What depositors believe, with good reason, is that banks are too big to fail and that governments will always come to their rescue. The global financial crisis reinforced that impression almost everywhere. Even here, where the major banks remained sound, the Government hurriedly installed a deposit guarantee scheme to remove any risk to the system.
In the wake of the crisis, banking regulators in many countries have been worrying about comfort they have given to financial institutions. Banks that know they are "too big to fail" may drift back into the reckless and careless behaviour that contributed to the crisis. New Zealand's regulator, the Reserve Bank, is proposing a novel answer.
Its policy would mean no bank is too big to fail but with depositors' funds it could be quickly recapitalised. Insolvency would be met with an "open bank resolution" by the Minister of Finance that would give a statutory manager power to confiscate enough from the bank's deposits to cover its liabilities. To avoid a run on remaining deposits the Government would probably guarantee them and, all going to plan, the bank could reopen on the next trading day.
Its shareholders' funds would be wiped out, as in any company failure, and depositors with more than a small amount in the bank, possibly $20,000, would take a "haircut". Their loss might be converted to shares in the rehabilitated bank, though that would be cold comfort to people who do not think of bank deposits as an investment in the institution, even while it is paying them interest and using their funds.

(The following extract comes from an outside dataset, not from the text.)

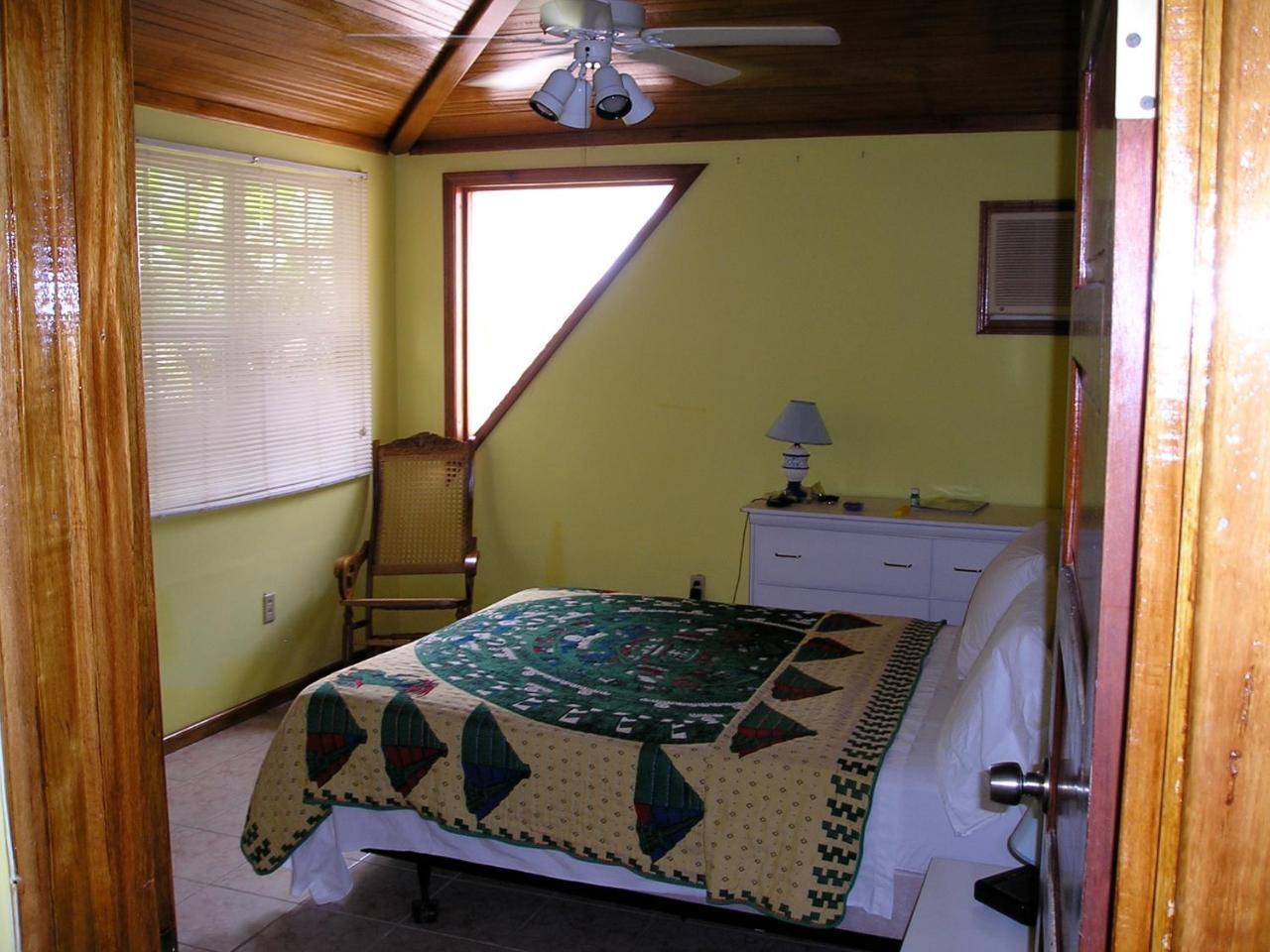 Green Parrot Beach Houses And Resort Placencia Eksteriør bilde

The great benefit of this idea is that depositors would start acting like investors. Just like investors in other companies, they might know nothing of a bank's business but they would be alert to commentaries and criticism of its performance. More important, the bank would know its savers are now alert to any criticism and it would take extra care to avoid it. That is the benefit depositors' liability would bring to the economy as a whole.
The benefit would be gained without any account holder taking a haircut. If banks became more cautious they would be even less likely than now to behave in a way that risks an open bank resolution.
The risk that depositors would face in the event of failure would make their deposits safer than they are in the absence of a guarantee from taxpayers.
The Government removed the guarantee as soon as it could after the crisis, but not before it had to pay out nearly $1.8 billion to depositors in South Canterbury Finance. The scale of that single call on the scheme by a non-banking institution shows how crippling it could be for the Government to insure a bank's deposits. The banks could insure depositors themselves but find it too expensive.
If a bank were to fail, the pain of personal savers would cause an outcry many times louder than any heard from finance company investors five or six years ago. That is the reason banks have enjoyed an "implicit" guarantee. This proposal would remove it.
Banks would know that none of them are too big to fail, and their depositors would be watching.